The mini series made for television, tells the story of the countless hours of effort that were put in by the first political leaders of free India into drafting the document that acts as the very foundation of the country.
"I think it would be wrong to say that our representatives don't know how to debate anymore. During my tenure in the Rajya Sabha as an MP, I have witnessed some excellent debates. People like Arun Jaitley, Abhishek Singhvi, Ravishankar Prasad are superb speakers and have brought brilliant submissions to the table. These are people who can make their points succinctly. It's also however true that the quality of debates might have come down a bit, which was not the case during the older days, when our leaders could put across a point without screaming or shouting," explains Shyam Benegal, the man behind path breaking films like Ankur, Trikal, Mandi, Manthan, Junoon, Nishant and many more.
According to Benegal, every word of the mini-series is based on fact and has been put into the show after months of research by himself and his team.
"We went through the entire set of the Parliament recordings of debates from December 1946 to November 1949 and chose what we thought were the most revelatory moments and turned into a 10 hour show. There was no need for fictionalising or changing anything as these debates were filled with their own inherent drama. It was only a question of choosing the best moments," he explains. The show was always conceptualised as a 10 part series. "A film couldn't have possibly told the story in such short time. It required the 10 hours it got. However, if you look at the production quality, it is nothing short of cinematic," he says.

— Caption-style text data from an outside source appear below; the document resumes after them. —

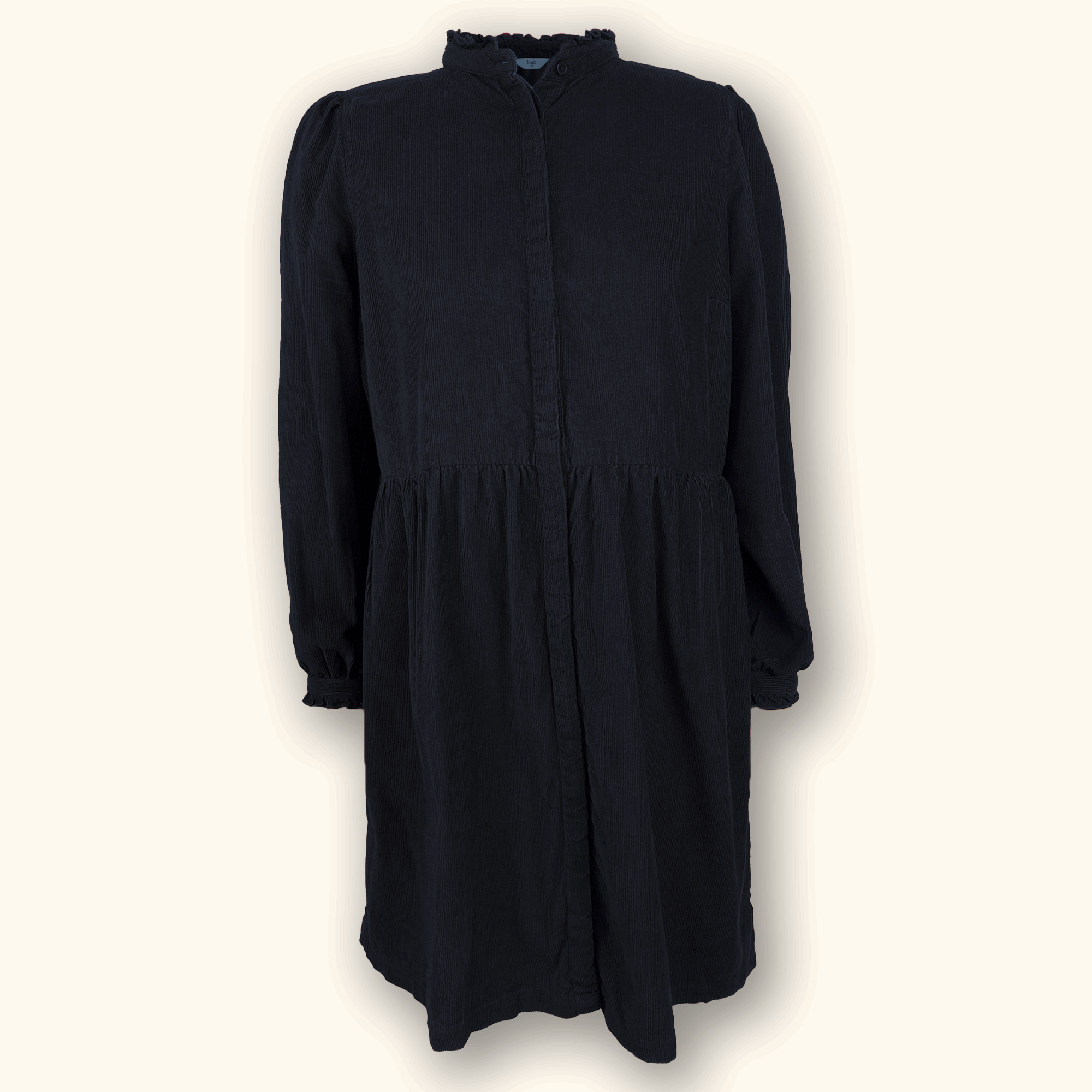 Hush Long Sleeve Corduroy Black Dress - Size 12 - - Dresses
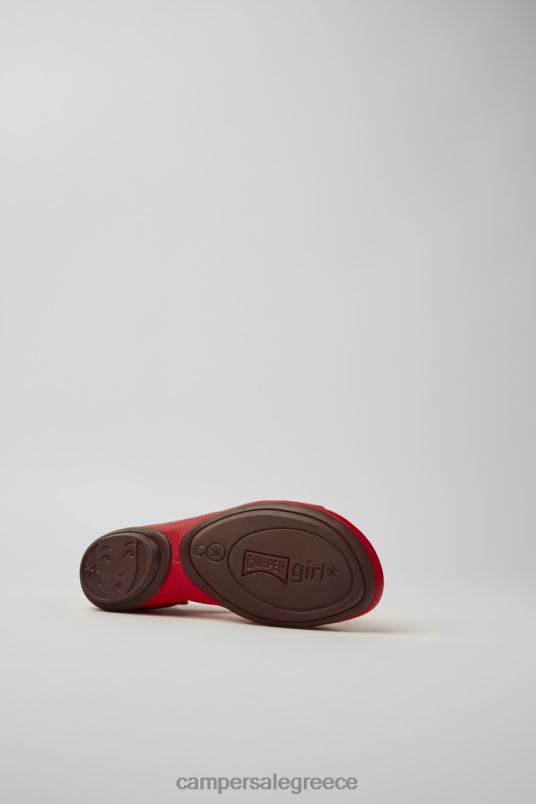 Σχέδιο σωστά κόκκινα δερμάτινα σανδάλια για γυναίκες Camper V20TF199 το κόκκινο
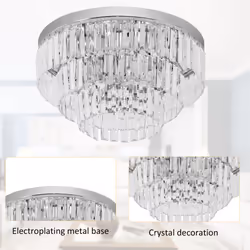 HOMCOM Crystal Chandelier Flush Mount Ceilings Lighting Fixture for Living Room - Additional view 9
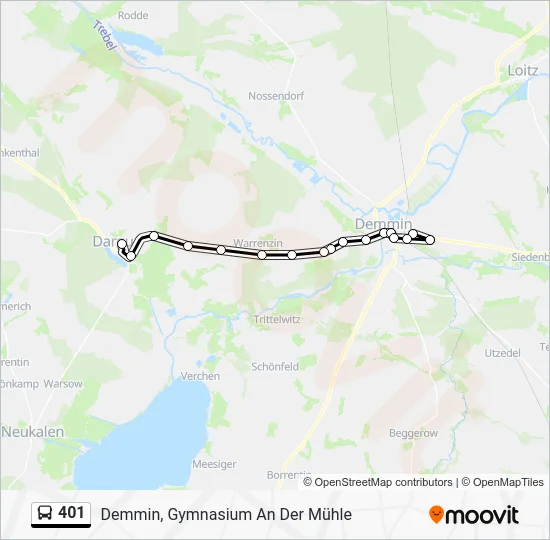 Автобус 401: карта маршрута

As far as its intended viewers are concerned, Benegal feels that people now more than ever are beginning to take interest in how the country is being run. "There are lots of viewers for a show like this. Even down the years, I see students turning to Samvidhaan to learn about the constitution of India. If nothing else, this works as good learning material for those appearing for their Civil Services examinations," he laughs. And this is not the first time Benegal's turned to television. He has previously made acclaimed docu-dramas for Doordarshan, like Yatra (1986) for the Indian Railways and Bharat Ek Khoj (1988), the sprawling 53 episode TV show, based on Jawaharlal Nehru's Discovery of India.

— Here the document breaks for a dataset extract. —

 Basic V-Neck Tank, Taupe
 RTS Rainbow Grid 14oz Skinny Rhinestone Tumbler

With over 150 actors roped in for the TV series, most of whom are veterans and have worked with Benegal on multiple occasions, the show features the likes of Sachin Khedekar, Dalip Tahil, Utkarsh Majumdar, Tom Alter, Ila Arun, Amit Behl, KK Raina, Rajendra Gupta, Aanjjan Srivastav, Suzanne Bernert, Narendra Jha and Neeraj Kabi.
For Benegal, who made his first short film when he was 12, cinema has been a life long passion. "I hope cinema will always act as a vehicle of worthwhile ideas and thoughts, rather than stooping down to show something like two people thumping each other to death. People who make such films must have very retarded minds," he says.

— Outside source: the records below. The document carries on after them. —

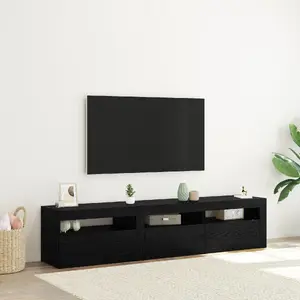 TV skapīšu komplekts VidaXL modelis 3332505 ar LED apgaismojumu, melnās ozola apdare, TV statīvs 60x35x40 cm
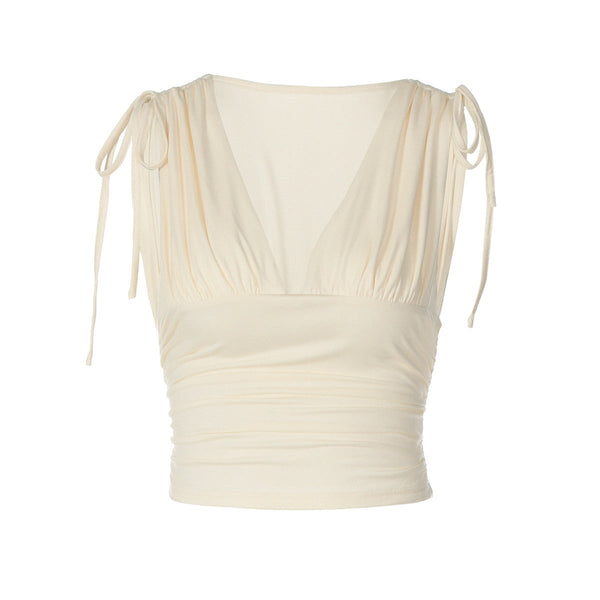 V neck ruched drawstring crop top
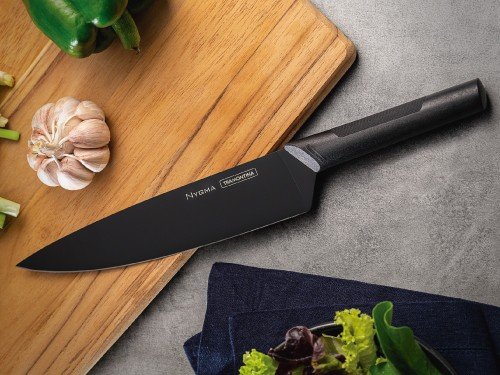 Cuchillo chef acero inox mango polipropileno negro 8" Tramontina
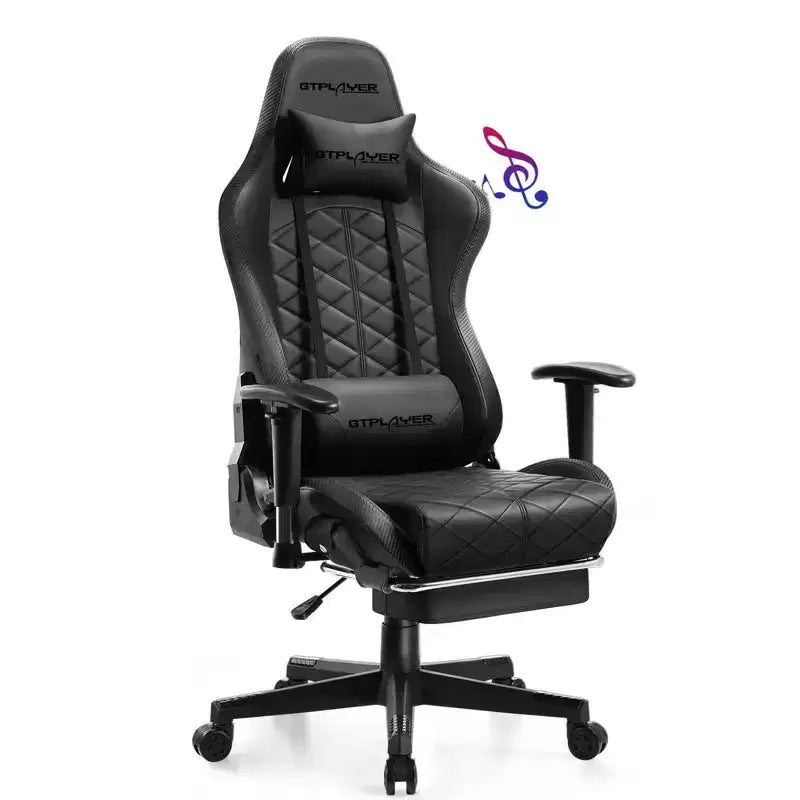 Chaise de jeu GTPLAYER avec haut-parleurs Bluetooth et repose-pieds Fauteuil de bureau à dossier haut noir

He is a huge fan of current film-makers like Anurag Kashyap and Dibakar Banerjee. "These are hugely talented film-makers who have successfully managed to make the cross-over between austere parallel cinema and the masala Bollywood films. They are able to tell stories with great amount of sensitivity as well as great taste. I look forward to watching more movies by them," says Benegal. A good film-maker, according to Benegal, must have talent above all else. "You cannot work very, very hard and hope to make a good film. Talent is necessary. Along with talent, you need the ability to be true to yourself and work without compromise and dedicate your entire life to your vision," he explains.
A huge fan of Satyajit Ray, Benegal had also made a biographical film on Ray. When he showed the film to Satyajit Ray, Ray apparently commented,"There's a whole lot of Ray, but very little Benegal in the film."
Currently, Benegal has started work on his next commissioned project, a 90 minute film on Punjab's history. "The Punjab government is working at building Jalandhar as a cultural centre, which will have art installations, theatre work and will also screen this movie 24 hours of the day. The idea is to use this film to tell the story of Punjab to the present and future generations and provide a background to their culture, as a huge part of Punjab's population is now settled abroad," he says.
Samvidhaan will air its final episode on Rajya Sabha TV on Sunday, May 4, at 10 am and 1pm. The episodes are also available on Rajya Sabha TV's YouTube channel.